BUSH’S TAX HIKES

They’re coming. And they will be much more severe than his father’s. Sure, the president may have managed to forestall them until he is out of office – but he will have made them inevitable by his fiscal profligacy; and he will bear primary responsibility for them. Bruce Bartlett is one of the few conservatives to say this out loud. Money quote:

I now believe that the best we can hope to do is make incremental improvements to the existing tax system and hopefully prevent it from getting worse. Unfortunately, because the current President Bush and the Republican Congress have allowed spending to get totally out of control, I believe that higher taxes are inevitable. In particular, the enactment of a massive new Medicare drug benefit absolutely guarantees that taxes will be sharply raised in the future even if Social Security is successfully reformed.
Too many conservatives delude themselves that all we have to do is cut foreign aid and pork-barrel spending and the budget will be balanced. But unless Republican lawmakers are willing to seriously confront Medicare, they cannot do more than nibble around the edges. With Republicans having recently added massively to that problem, and with a Republican president who won’t veto anything, I have concluded that meaningful spending control is a hopeless cause.
Therefore, we must face the reality that taxes are going to rise a lot in coming years.

I fear he’s right.

FUNDAMENTALISM WATCH: When the FDA advisory committee votes 23 – 4 to allow over-the-counter sales of Plan B, a morning-after contraceptive, it is very, very rare for the FDA to ignore it. But when it comes to science, this administration tends to listen to religious voices as much as scientific ones. David Hager is one of those voices, an unreconstructed fundamentalist who believes that women should submit to men in private and public life. He wrote a memo to the FDA head opposing over-the-counter use and bragged that it had made the difference. I don’t know. But it wouldn’t surprise me.

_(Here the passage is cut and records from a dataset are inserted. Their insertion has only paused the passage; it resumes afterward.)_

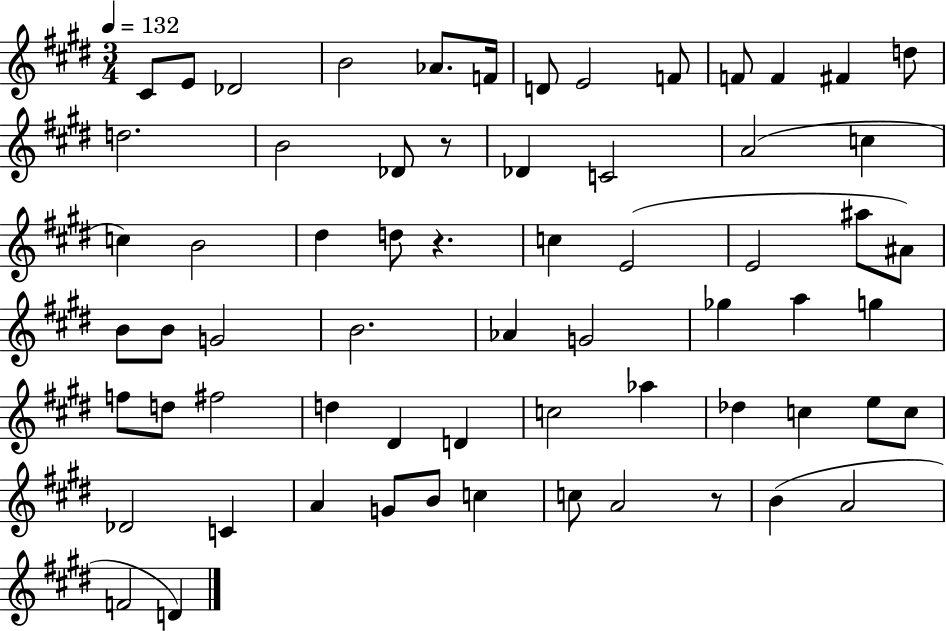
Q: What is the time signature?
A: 3/4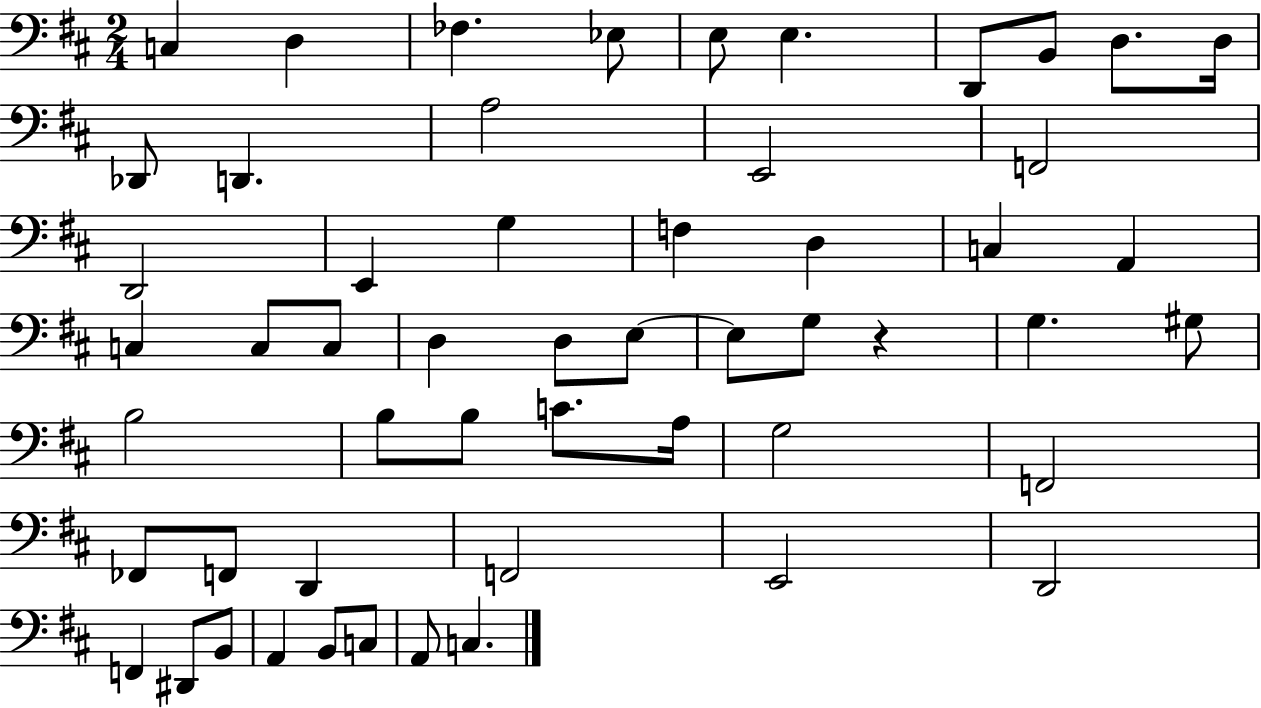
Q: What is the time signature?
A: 2/4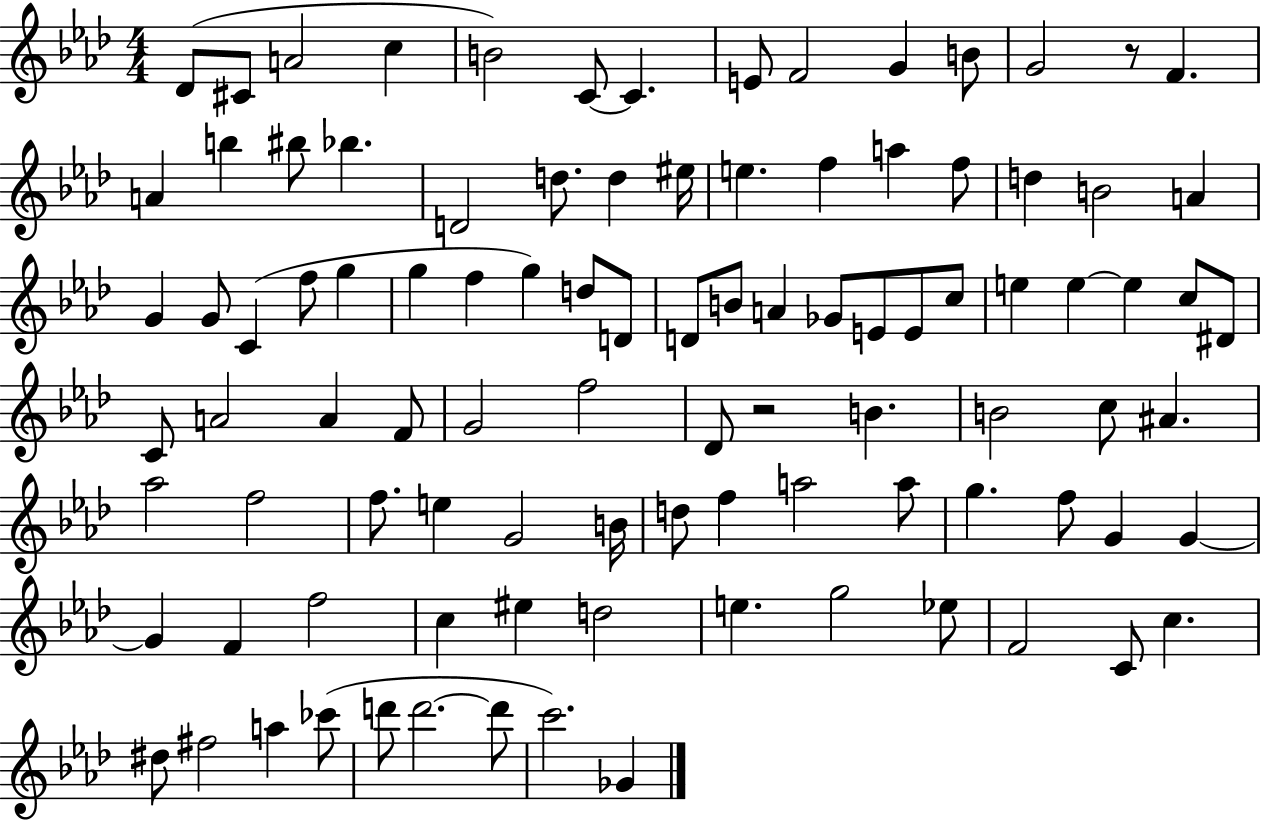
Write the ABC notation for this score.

X:1
T:Untitled
M:4/4
L:1/4
K:Ab
_D/2 ^C/2 A2 c B2 C/2 C E/2 F2 G B/2 G2 z/2 F A b ^b/2 _b D2 d/2 d ^e/4 e f a f/2 d B2 A G G/2 C f/2 g g f g d/2 D/2 D/2 B/2 A _G/2 E/2 E/2 c/2 e e e c/2 ^D/2 C/2 A2 A F/2 G2 f2 _D/2 z2 B B2 c/2 ^A _a2 f2 f/2 e G2 B/4 d/2 f a2 a/2 g f/2 G G G F f2 c ^e d2 e g2 _e/2 F2 C/2 c ^d/2 ^f2 a _c'/2 d'/2 d'2 d'/2 c'2 _G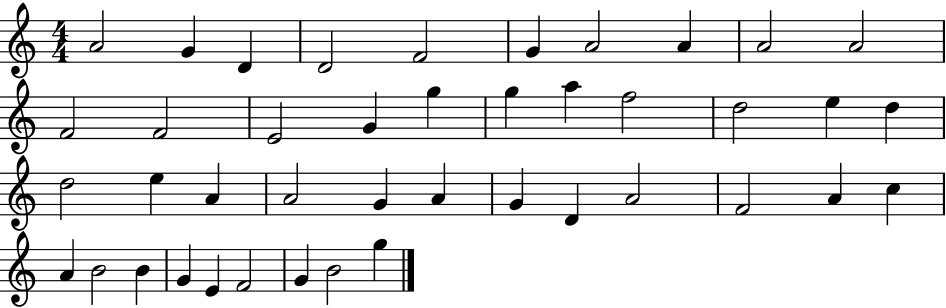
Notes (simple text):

A4/h G4/q D4/q D4/h F4/h G4/q A4/h A4/q A4/h A4/h F4/h F4/h E4/h G4/q G5/q G5/q A5/q F5/h D5/h E5/q D5/q D5/h E5/q A4/q A4/h G4/q A4/q G4/q D4/q A4/h F4/h A4/q C5/q A4/q B4/h B4/q G4/q E4/q F4/h G4/q B4/h G5/q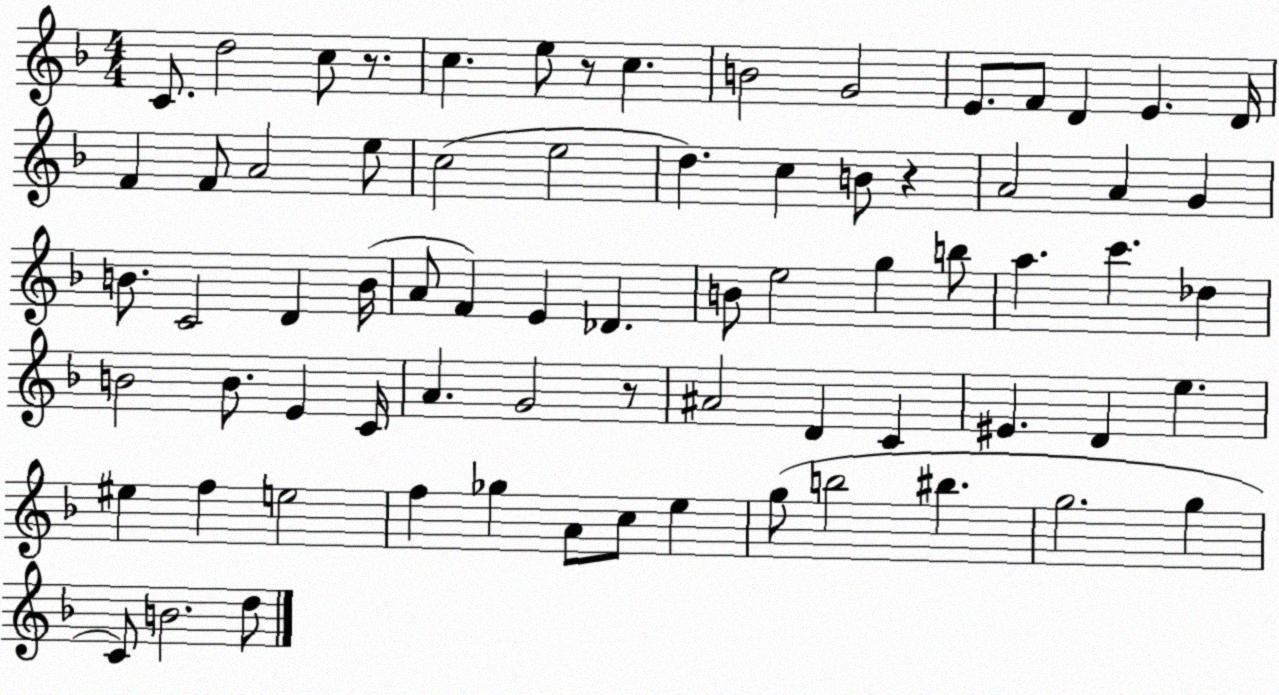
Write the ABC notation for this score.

X:1
T:Untitled
M:4/4
L:1/4
K:F
C/2 d2 c/2 z/2 c e/2 z/2 c B2 G2 E/2 F/2 D E D/4 F F/2 A2 e/2 c2 e2 d c B/2 z A2 A G B/2 C2 D B/4 A/2 F E _D B/2 e2 g b/2 a c' _d B2 B/2 E C/4 A G2 z/2 ^A2 D C ^E D e ^e f e2 f _g A/2 c/2 e g/2 b2 ^b g2 g C/2 B2 d/2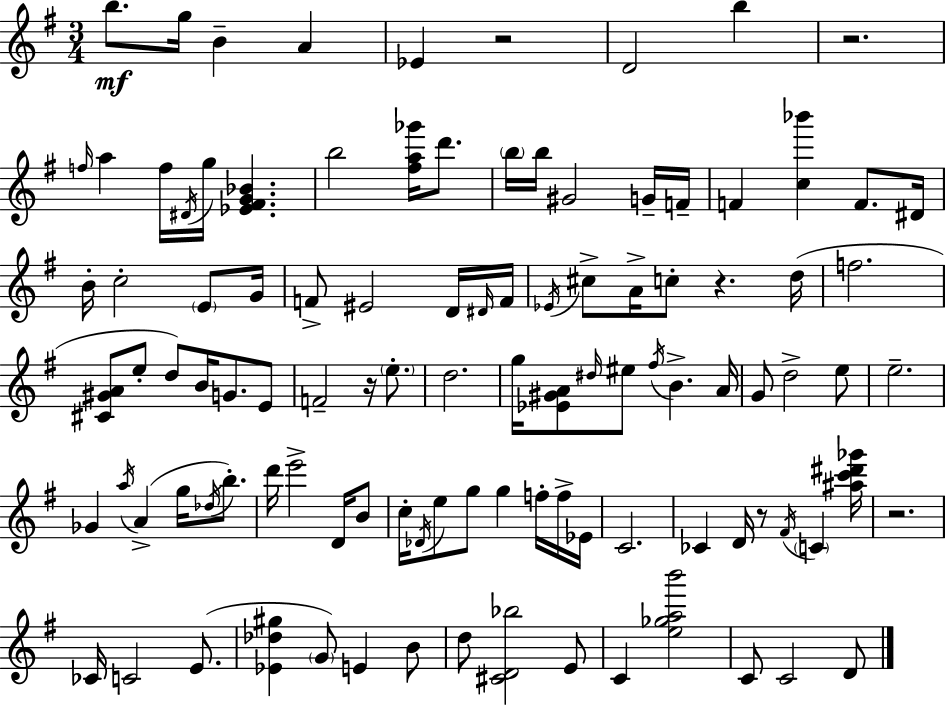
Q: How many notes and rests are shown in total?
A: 105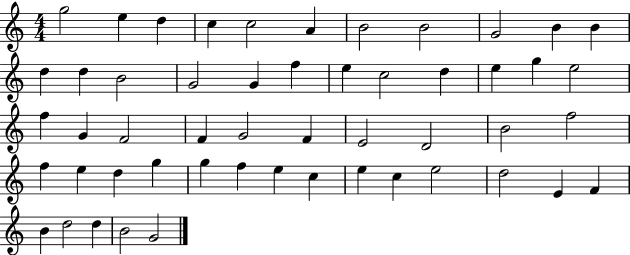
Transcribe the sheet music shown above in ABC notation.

X:1
T:Untitled
M:4/4
L:1/4
K:C
g2 e d c c2 A B2 B2 G2 B B d d B2 G2 G f e c2 d e g e2 f G F2 F G2 F E2 D2 B2 f2 f e d g g f e c e c e2 d2 E F B d2 d B2 G2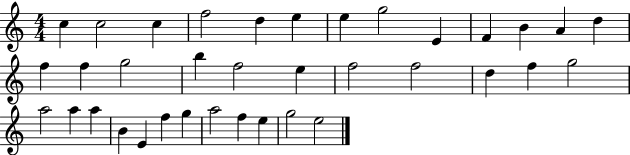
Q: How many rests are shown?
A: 0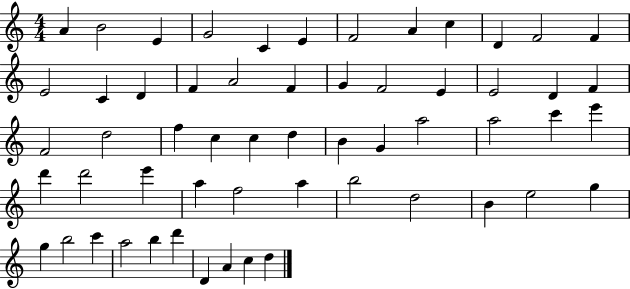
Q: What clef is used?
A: treble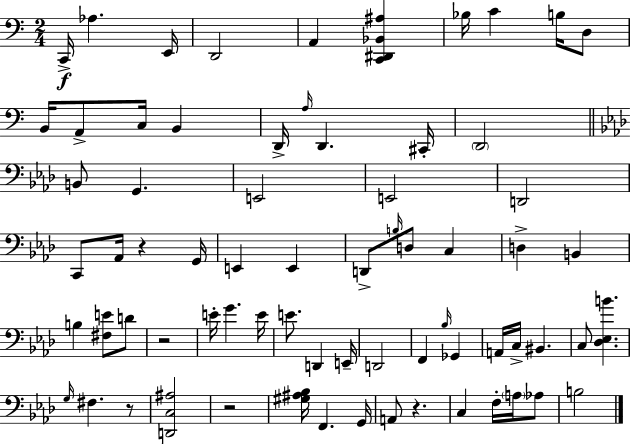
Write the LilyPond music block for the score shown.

{
  \clef bass
  \numericTimeSignature
  \time 2/4
  \key c \major
  c,16->\f aes4. e,16 | d,2 | a,4 <c, dis, bes, ais>4 | bes16 c'4 b16 d8 | \break b,16 a,8-> c16 b,4 | d,16-> \grace { a16 } d,4. | cis,16-. \parenthesize d,2 | \bar "||" \break \key aes \major b,8 g,4. | e,2 | e,2 | d,2 | \break c,8 aes,16 r4 g,16 | e,4 e,4 | d,8-> \grace { b16 } d8 c4 | d4-> b,4 | \break b4 <fis e'>8 d'8 | r2 | e'16-. g'4. | e'16 e'8. d,4 | \break e,16-- d,2 | f,4 \grace { bes16 } ges,4 | a,16 c16-> bis,4. | c8 <des ees b'>4. | \break \grace { g16 } fis4. | r8 <d, c ais>2 | r2 | <gis ais bes>16 f,4. | \break g,16 a,8 r4. | c4 f16-. | \parenthesize a16 aes8 b2 | \bar "|."
}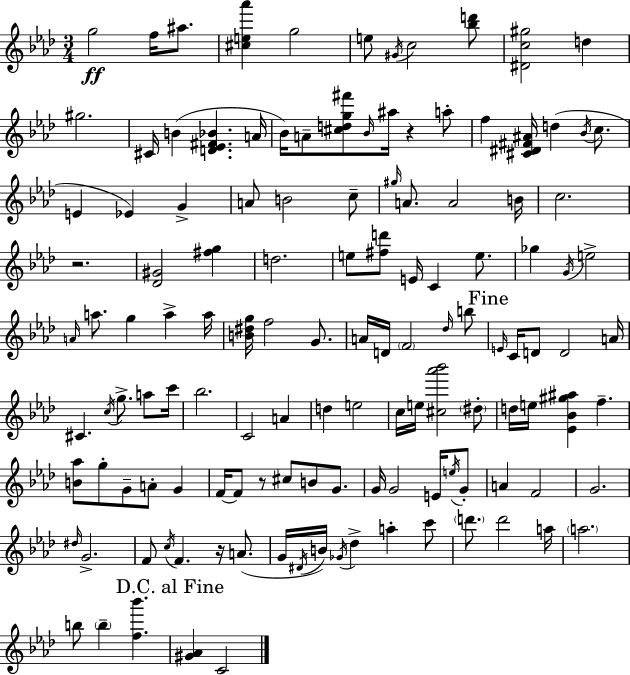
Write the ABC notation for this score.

X:1
T:Untitled
M:3/4
L:1/4
K:Ab
g2 f/4 ^a/2 [^ce_a'] g2 e/2 ^G/4 c2 [_bd']/2 [^Dc^g]2 d ^g2 ^C/4 B [D_E^F_B] A/4 _B/4 A/2 [^cdg^f']/2 _B/4 ^a/4 z a/2 f [^C^D^F^A]/4 d _B/4 c/2 E _E G A/2 B2 c/2 ^g/4 A/2 A2 B/4 c2 z2 [_D^G]2 [^fg] d2 e/2 [^fd']/2 E/4 C e/2 _g G/4 e2 A/4 a/2 g a a/4 [B^dg]/4 f2 G/2 A/4 D/4 F2 _d/4 b/2 E/4 C/4 D/2 D2 A/4 ^C c/4 g/2 a/2 c'/4 _b2 C2 A d e2 c/4 e/4 [^c_a'_b']2 ^d/2 d/4 e/4 [_E_B^g^a] f [B_a]/2 g/2 G/2 A/2 G F/4 F/2 z/2 ^c/2 B/2 G/2 G/4 G2 E/4 e/4 G/2 A F2 G2 ^d/4 G2 F/2 c/4 F z/4 A/2 G/4 ^D/4 B/4 _G/4 _d a c'/2 d'/2 d'2 a/4 a2 b/2 b [f_b'] [^G_A] C2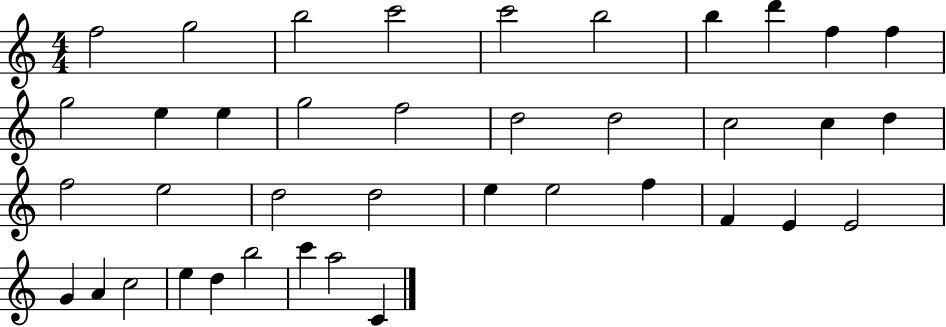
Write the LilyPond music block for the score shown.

{
  \clef treble
  \numericTimeSignature
  \time 4/4
  \key c \major
  f''2 g''2 | b''2 c'''2 | c'''2 b''2 | b''4 d'''4 f''4 f''4 | \break g''2 e''4 e''4 | g''2 f''2 | d''2 d''2 | c''2 c''4 d''4 | \break f''2 e''2 | d''2 d''2 | e''4 e''2 f''4 | f'4 e'4 e'2 | \break g'4 a'4 c''2 | e''4 d''4 b''2 | c'''4 a''2 c'4 | \bar "|."
}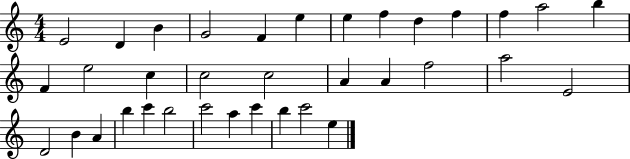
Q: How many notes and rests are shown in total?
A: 35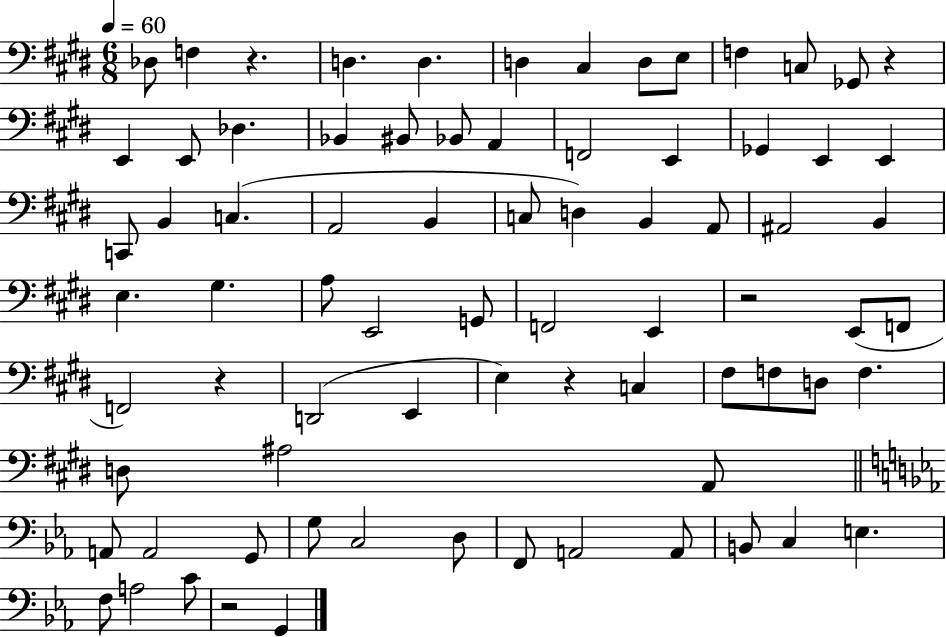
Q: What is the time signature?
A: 6/8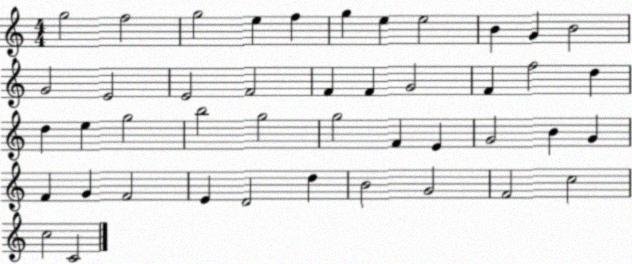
X:1
T:Untitled
M:4/4
L:1/4
K:C
g2 f2 g2 e f g e e2 B G B2 G2 E2 E2 F2 F F G2 F f2 d d e g2 b2 g2 g2 F E G2 B G F G F2 E D2 d B2 G2 F2 c2 c2 C2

DOUBTING DOUBT: Ross Douthat adds more nuance to our conversation about doubt, truth and politics. I’m grateful. Nevertheless, I still disagree; and I think our disagreement stems from a slightly different take on what we mean by truth. My worry about fundamentalism in politics is not so much that it posits things as true, but how it does so. A large swathe of fundamentalist conservative politics rests its arguments on simple appeals to Biblical truth, or revelation, or notions of nature that cannot be subjected to skeptical inquiry (i.e. “natural law” that is uninterested in contemporary scientific research and seeks merely to embellish Aquinas with ever subtler forms of ornament). The truth I’m talking about – whose prerequisite is doubt – is an empirical, inferential kind, the kind that arises both from science and human experience and historical reflection; and is always held provisionally. The first kind of ‘truth’ is the kind liberals seek and fundamentalists have found; the second kind of truth is one conservatives are happy to stumble across and hold until a more persuasive account comes along. And in this distinction, I’d argue, lies the real faultline in American politics. Not truth versus relativism; but skepticism versus those claiming to know what heaven is – in order to impose it on earth.